Should I be reading this documentation?

This is the documentation for the GOBNILP source code for development purposes.
For help in using GOBNILP, see the PDF manual included in the distribution.

Overview of the code layout


circuit_cuts.c contains code to look for cluster cuts by searching for cyclic graphs in a given solution (typically the LP relaxation). This code is 'logically' part of cons_dagcluster.c since it adds constraints (as cutting planes) which follow from acyclicity.


cons_chordal.c implements a constraint handler for constraints which ensure that DAGs have no immoralities and thus are equivalent to chordal undirected graphs (aka decomposable models).


cons_ci.c implements a constraint handler for conditional independence constraints.


Enforcing a constraint to rule out cycles in the Bayesian network is non-trivial. The approach in GOBNILP is to use ‘cluster constraints’. As there are exponentially many of these, they are added during solving as cutting planes. The main code associated with creating and updating these constraints is contained in cons_dagcluster.c .


cons_distinguishedrep.c implements a constraint handler for constraints which ensure that only one representative from each equivalence class of Markov equivalent DAGs is feasible.


cons_lop.c implements a constraint handler for linear ordering constraints. This constraint handler was written by Marc Pfetsch and is part of the LOP example that comes with the SCIP distribution. It is copied across when GOBNILP is installed.


cons_partialordering.c implements a constraint handler for partial order constraints. This constraint handler implements constraints ensuring that DAGs are consistent with a partial order. The partial order can be minimal in which case it is the ancestor relation for the DAG. The constraint handler was written by small modifications to cons_lop.c . This file is created when GOBNILP is installed by applying a patch to a copy of cons_lop.c.


cons_vanilla.c implements a constraint handler for constraints stating a DAG that no 'obviously' suboptimal DAGs are feasible under the assumption that no constraints (other than acyclicity) are imposed on DAGs.

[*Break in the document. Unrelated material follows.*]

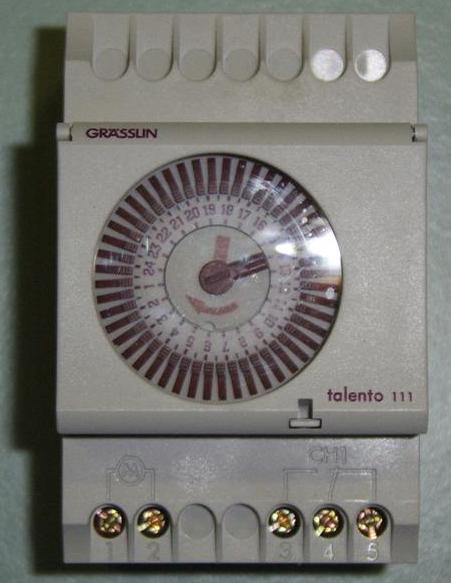 Tijdklok Analoog ABL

convex4_cuts.c contains code to look for cuts which are (generalisations of) facets of the convex hull of 4-node DAGs. This code is 'logically' part of cons_dagcluster.c since it adds constraints (typically as cutting planes) which follow from acyclicity.


disp_clearcols.c contains code to generate clearer column headings for GOBNILP output


event_splitdag.c provides a simple event handler to detect when the program should attempt to split dagcluster constraints into their individual strongly connected components


fractional_circuit_cuts.c generalises the approach taken in circuit_cuts.c This code is 'logically' part of cons_dagcluster.c since it adds constraints (as cutting planes) which follow from acyclicity.

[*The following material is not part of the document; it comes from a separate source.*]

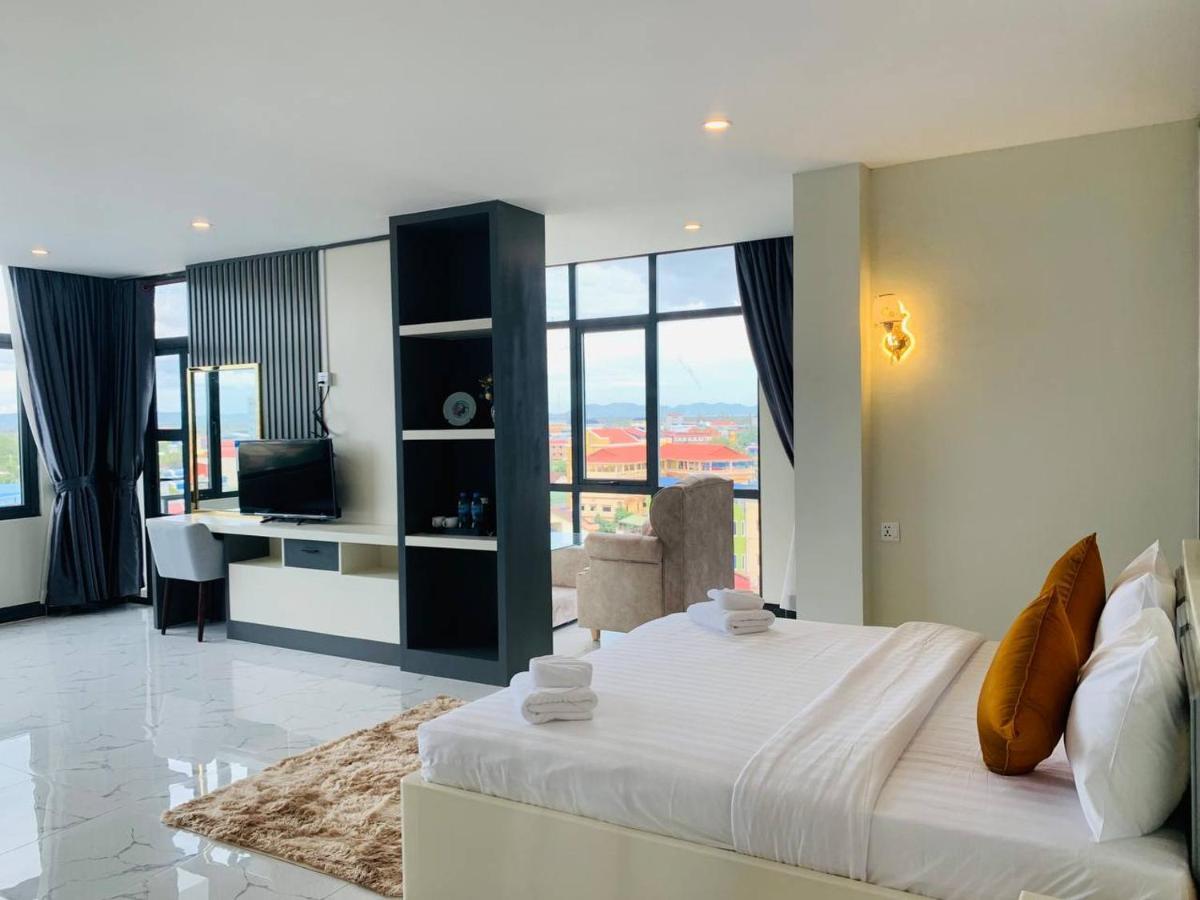Kampot Sunny Hotel Экстерьер фото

The main entry point in to the code is in the file gobnilp.c . This file contains a single procedure mostly laying out the general order of operations for a problem in SCIP. The idea is that this main calling function should able to be largely ignorant of how the underlying implementation of the problem so that representations and functionality can be altered without affecting the general order of operations of the program. Unless you are adding a new plugin, command line parameter or altering the basic workflow of the code, you probably shouldn't be making alterations in this file.


heur_sinks.c has most of the code necessary to implement a heuristic for finding Bayesian networks. In general, this file should be self contained, except for the function needed to include the heuristic in the program. The one excpetion to this is that the heuristic shouldn't assign variables for the pedigree problem. These should instead be set from pedigrees.c in order to maintain the correct modularisation of data.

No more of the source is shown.